The majority of the Bank of Korea’s seven-member policy board will be replaced Thursday, putting markets on edge for a potential change in Korea’s monetary policy stance amid troubles in the country‘s export-driven economy.
The four new members to join the interest-rate setting board are Lee Il-houng, the head of Korea Institute for International Economic Policy; Cho Dong-chul, the chief economist for state-run Korea Development Institute; Koh Seung-beom, the Standing Commissioner of Financial Services Commission; and Shin In-seok, the head of Korea Capital Market Institute.
Bank of Korea (Yonhap)
Among the four, Cho is by records a dove, preferring low interest rates to support economic growth, observers say.

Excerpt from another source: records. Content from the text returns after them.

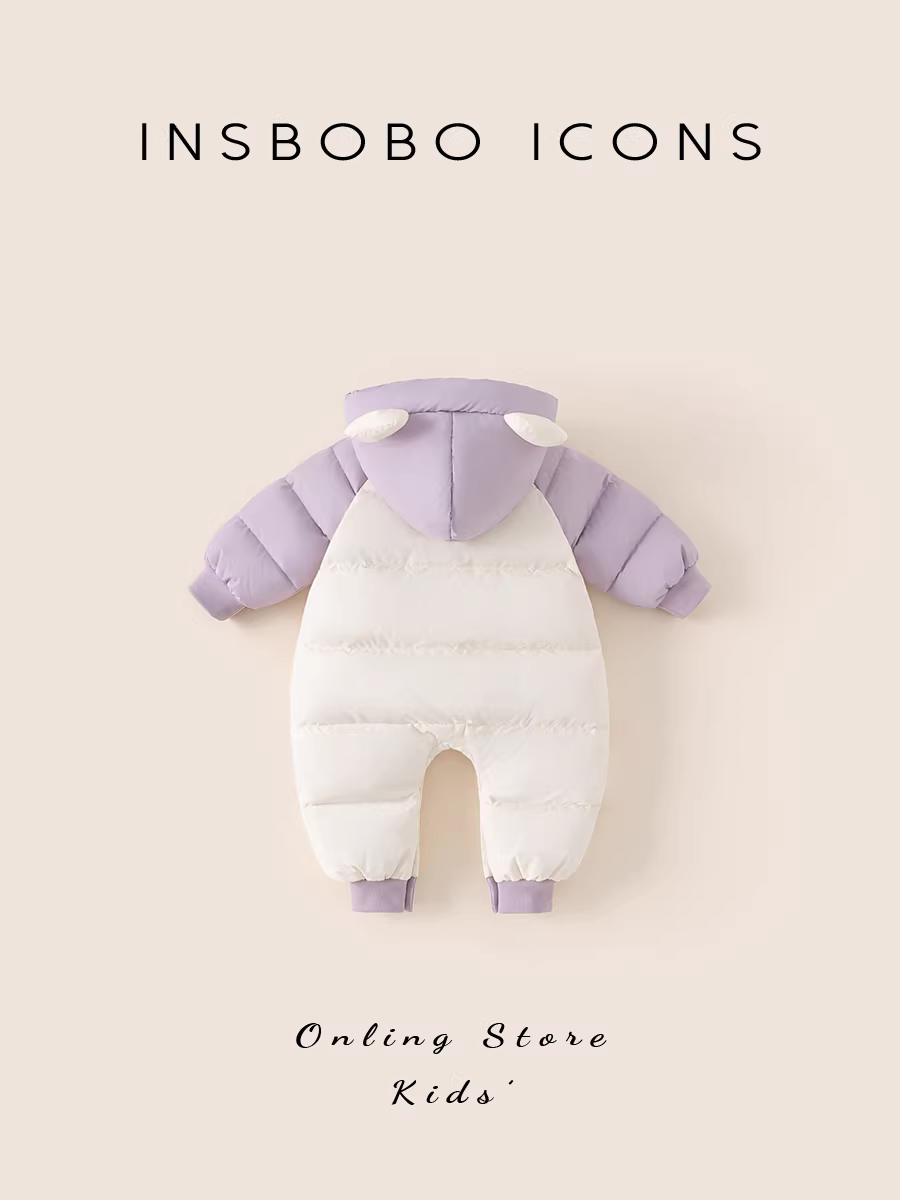 Áo khoác phao trẻ em mùa đông kiểu mới, áo khoác phao liền thân, quần áo mùa đông ngoài trời cho bé, quần áo dày dặn, 90% lông vịt trắng, quần áo trẻ em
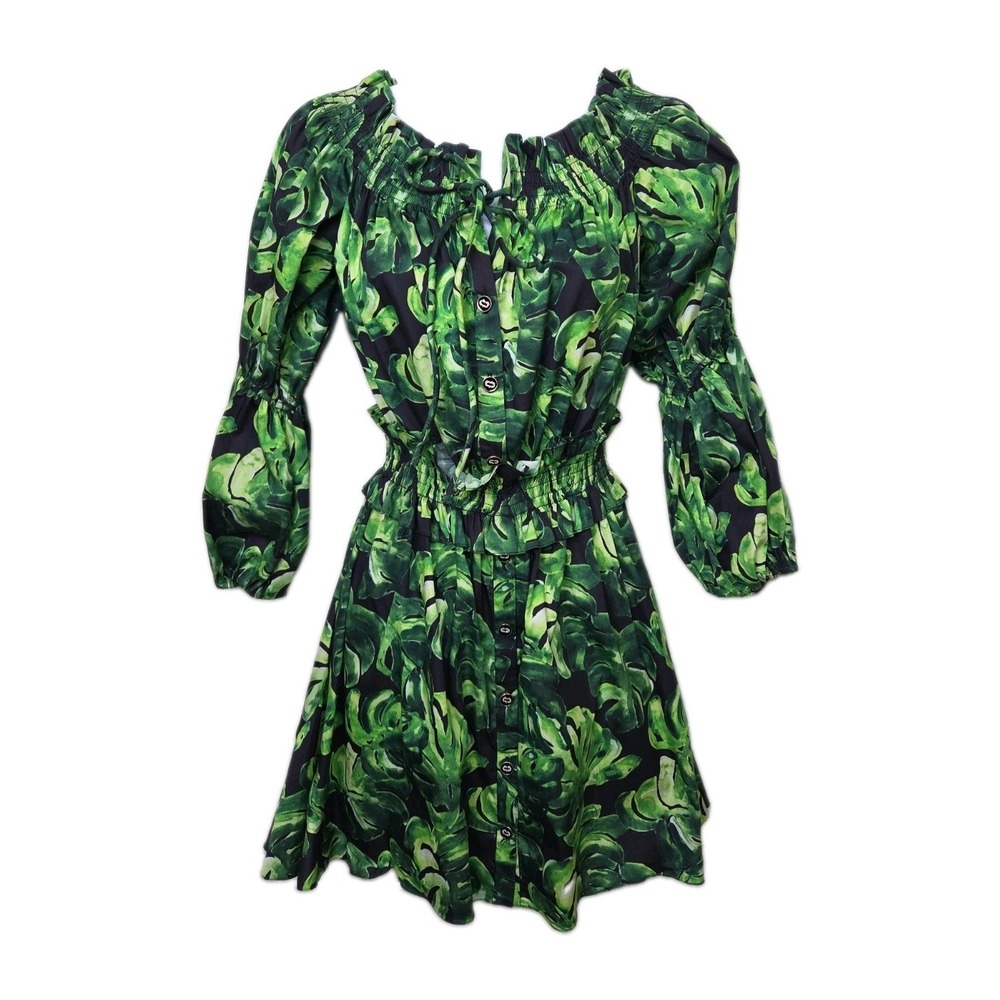 Caroline Constas Monstera Leaf Print Dress Off Shoulder Balloon Sleeve Ruffled S
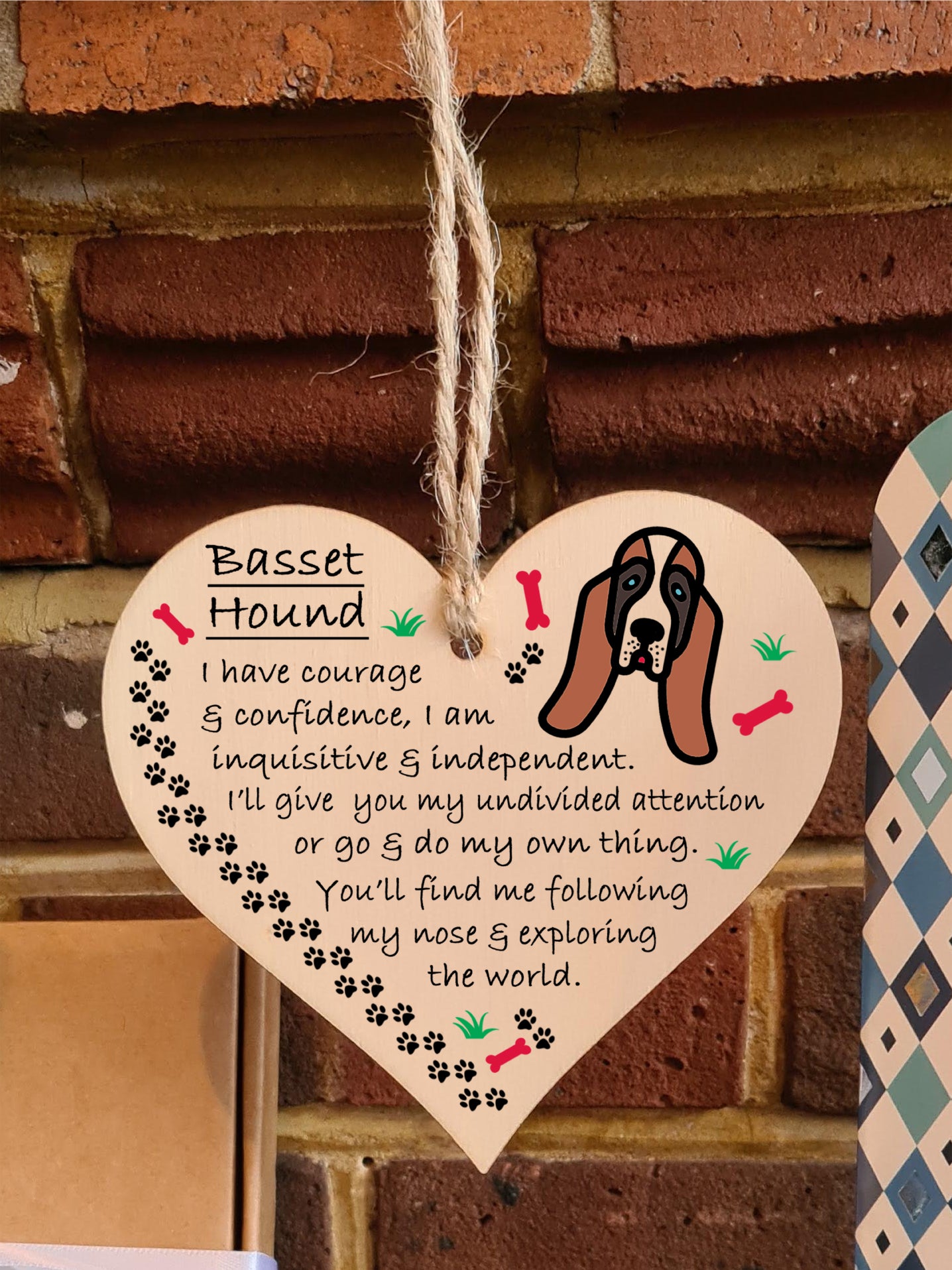 Handmade Wooden Hanging Heart Plaque Gift Perfect for Dog Lovers Pet Keepsake Novelty Decoration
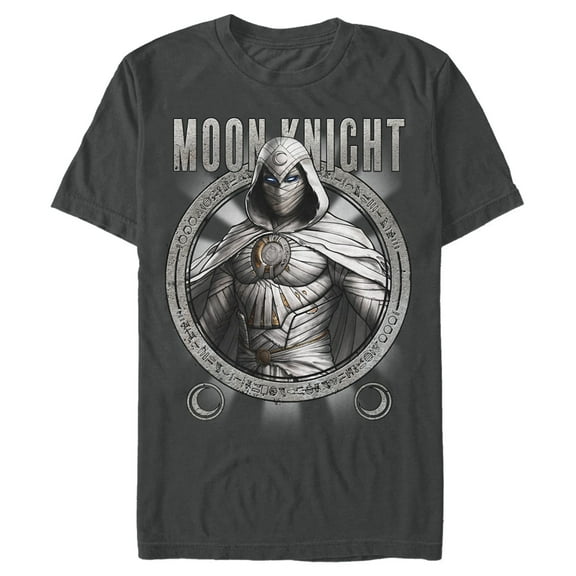 Men's Marvel: Moon Knight Hieroglyph Frame Evil Beware Graphic Tee Charcoal Medium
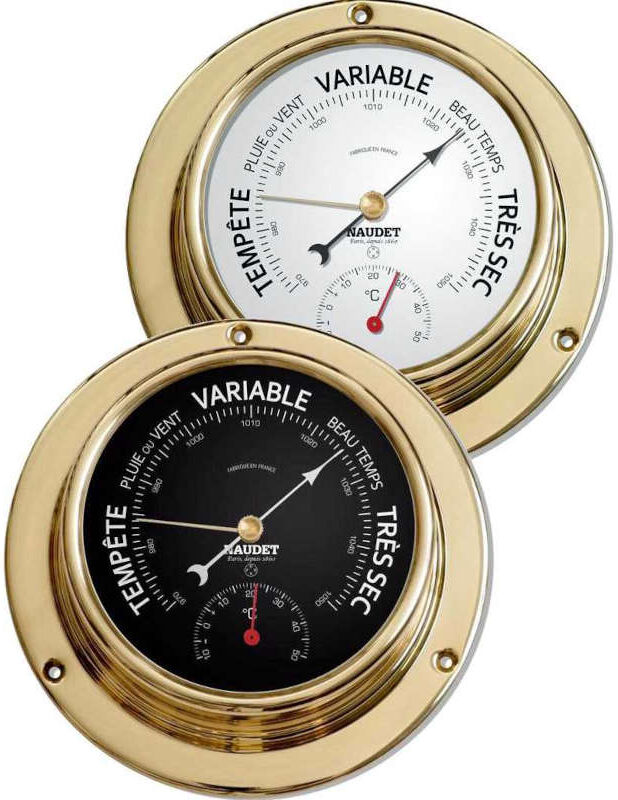 NAUDET Baromètre/Thermomètre Marine à collerette Diam.135mm NAUDET N-2-10-BTC NAUDET Baromètre/Thermomètre Marine à collerette Diam.135mm NAUDET N-2-10-BTC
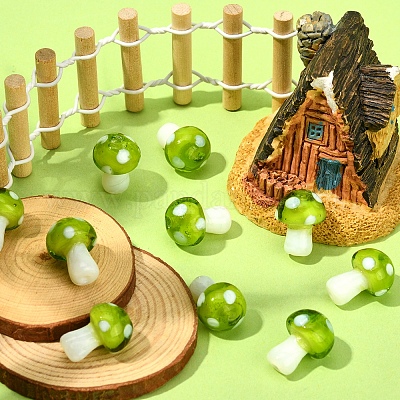 10шт грибные бусины лэмпворк ручной работы LAMP-YW0001-08A-1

The rest are hard to identify and seem more neutral, they say.
The BOK on Tuesday left the base interest rate unchanged at the current all-time low of 1.5 percent, resisting calls from politicians to slash borrowing costs again to help jump-start the economy. The decision was in spite of a revision in the bank’s economic growth outlook for Korea from 3 percent expansion in 2016 to just 2.8 percent.
BOK Gov. Lee Ju-yeol said rate cuts alone can’t provide a quick fix for the economy, as problems are more structural than cyclical, hinting that fiscal measures and restructuring efforts should come first.